You ultimately will want to involve a leadership team of key staff in the process since they are the ones that will help transform your company and you will be able to establish mutual accountability for the results. If you do not have a strong leadership team then you can establish a board of directors that can help you kick-start the process.
Your board can consist of your professional contacts, industry associates, family members or professional advisors. Your board should meet annually or more frequently to visit your plan and review progress.
A fundamental building block in the growth process is the understanding of industry benchmarks. When you have established the benchmarks for key performance, then you can start to build your organization.
Gerber states you should build an organization chart for the future. Create every position that you will have as your company grows and then write job descriptions for each position. You may find that you have the same name on several positions as your company grows.
As your revenues increase you will start to hire for specific positions. If you understand the industry metrics, you will be hiring based on need and will know if your staff is meeting performance expectations. You should also understand the financial benchmarks in the industry.
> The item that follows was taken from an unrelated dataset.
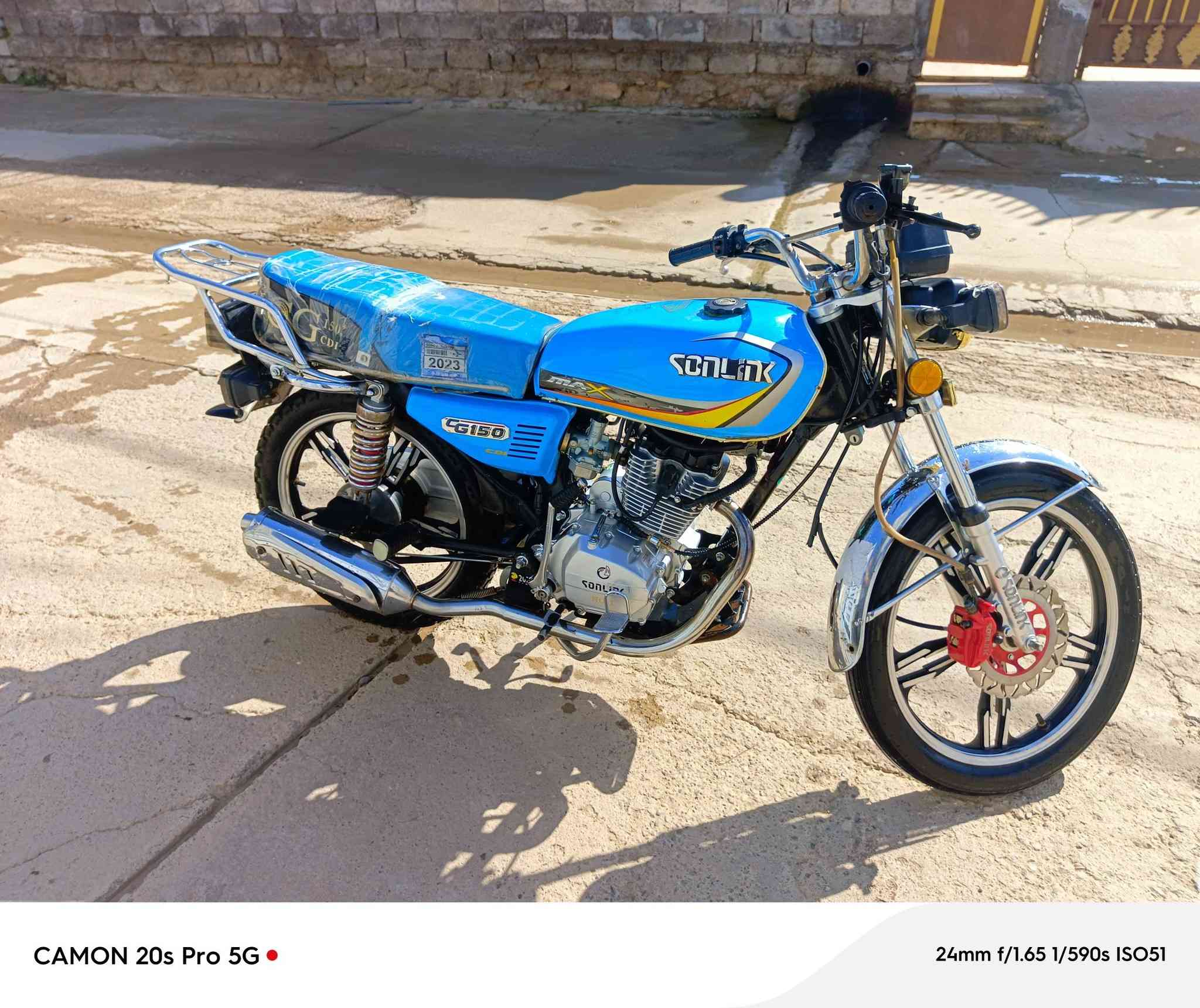 بسم الله الرحمن الرحيم
السلام عليكم موطور للبيع موديل 23 سونك مني فيس موجود محرك ما مفتوح سلف محرك 150Ccكامل مكمل خابر وتدلل ***********
مكاني جنوب الموصل ناحية الشورة
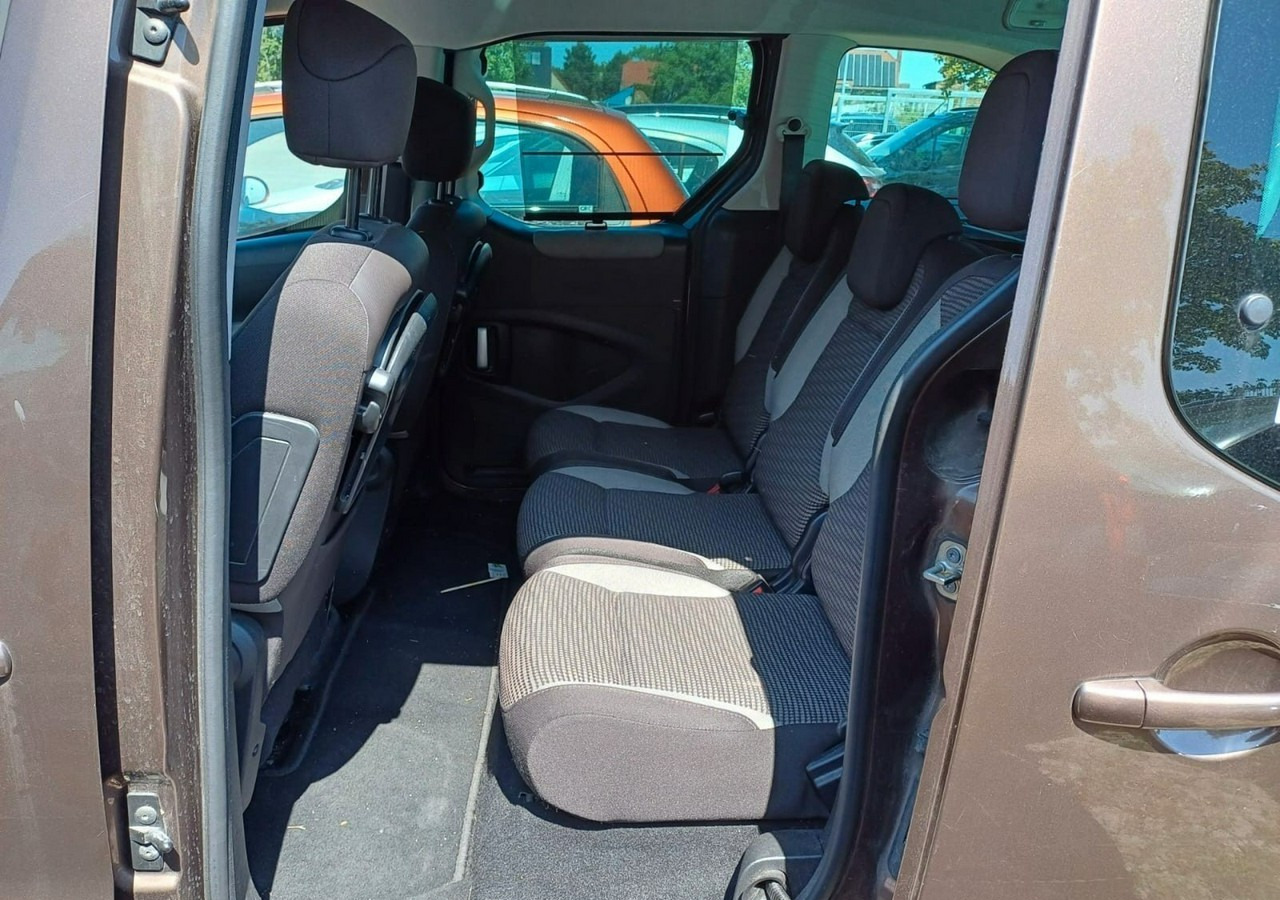 Peugeot Partner II Peugeot Partner Tepee 100 Family Model 2013 - Coche: foto 5 Peugeot Partner II Peugeot Partner Tepee 100 Family Model 2013 - Coche: foto 5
While every market is not the same, they are remarkably similar in produced margins, production volume and capacity, overhead, marketing expenses and other key measurements. These benchmarks will serve as the financial foundation of your company. If you do this, you will create a profitable company from the beginning; a fundamental element of a successful plan.
Many people feel that they need to lose money in order to build a company that will one day be profitable. That is not true, and your plan should include profits from Day One, a balance that you can achieve with a solid sales and marketing plan.
As mentioned, you need to take the other elements of a successful business plan and create your success on paper prior to developing your business. You can have several strategic planning meetings away from your office to establish your plan.
Each business plan should create a road map to success and have short-term victories along the way. It is important to get away from the office for at least one solid day as you work on your business and strategic plan. The notes, goals and action plan should be put in writing and follow-up meetings should be established.
Effective organizations are characterized by solid communications. If you create a business plan and have a direction for your company, you need to make sure that you communicate this plan to your staff. They need to know where the company is heading and what their role is in helping you get to the destination.
This communication is important and needs to be consistent and frequent. Have the discipline to meet with your entire staff every month, and your leadership team at least as often, to discuss the plan, progress and create action plans for departments and individuals.
This is a difficult process and requires discipline and focus. There will be fun moments as well as setbacks. In order to have success in the planning and implementation process you need to maintain focus on the plan, keep an eye on the future, learn from your mistakes and celebrate victories.
If you do not set up short-term victories, measure progress and celebrate accomplishment, you run the risk of losing focus and getting off track. However, with a solid plan and the key measurements to track progress then you can start to proactively control your opportunities and create a company that provides you with the resources to achieve your personal and professional goals.